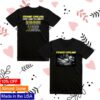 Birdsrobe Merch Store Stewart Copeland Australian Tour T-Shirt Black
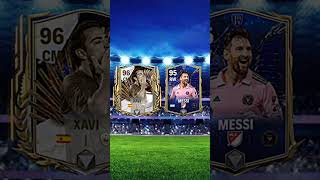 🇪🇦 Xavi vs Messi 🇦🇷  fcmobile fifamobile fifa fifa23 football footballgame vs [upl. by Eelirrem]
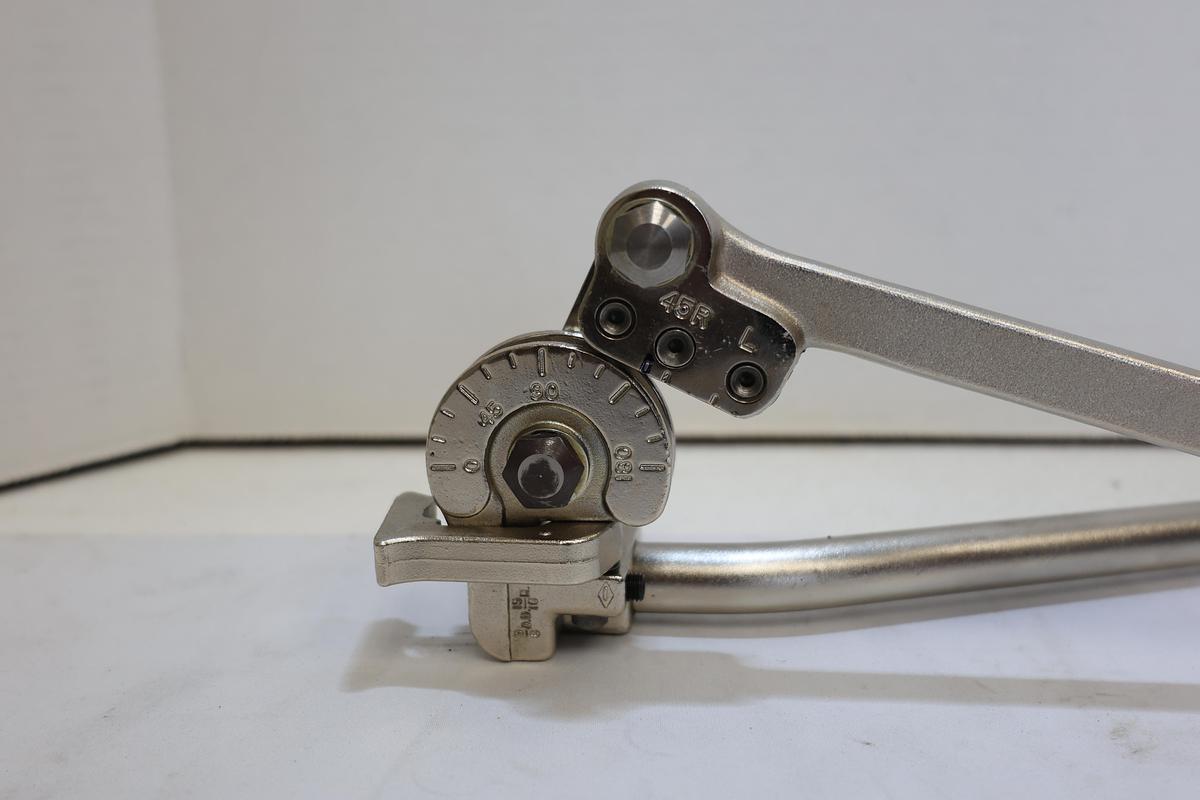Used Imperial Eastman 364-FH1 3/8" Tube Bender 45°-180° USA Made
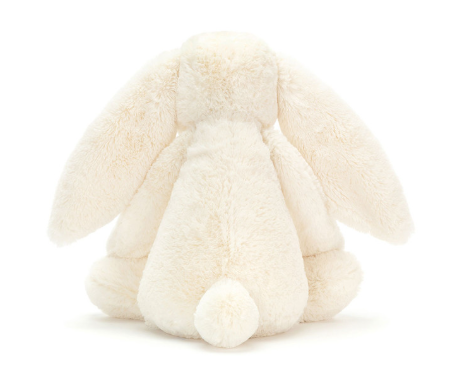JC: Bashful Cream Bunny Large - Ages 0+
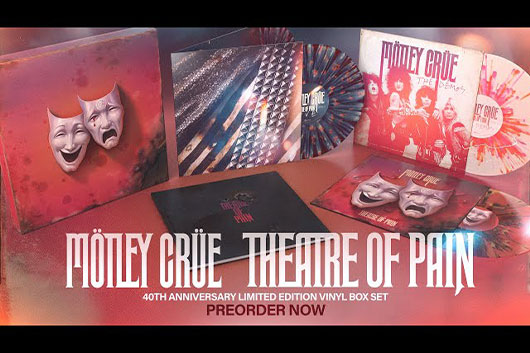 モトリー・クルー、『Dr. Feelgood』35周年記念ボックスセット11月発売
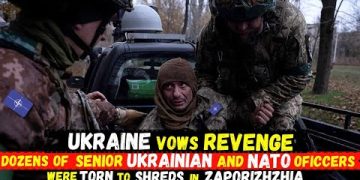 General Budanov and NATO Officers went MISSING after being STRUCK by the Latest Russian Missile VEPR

^^^^^^^^^^^^^^^^

*Exercise description*
Your output should be the lines from the line containing "モトリー・クルー、『Dr. Feelgo" through the last line of the listing above, restated exactly, with no pictures among them.

*The answer*
 モトリー・クルー、『Dr. Feelgood』35周年記念ボックスセット11月発売
 General Budanov and NATO Officers went MISSING after being STRUCK by the Latest Russian Missile VEPR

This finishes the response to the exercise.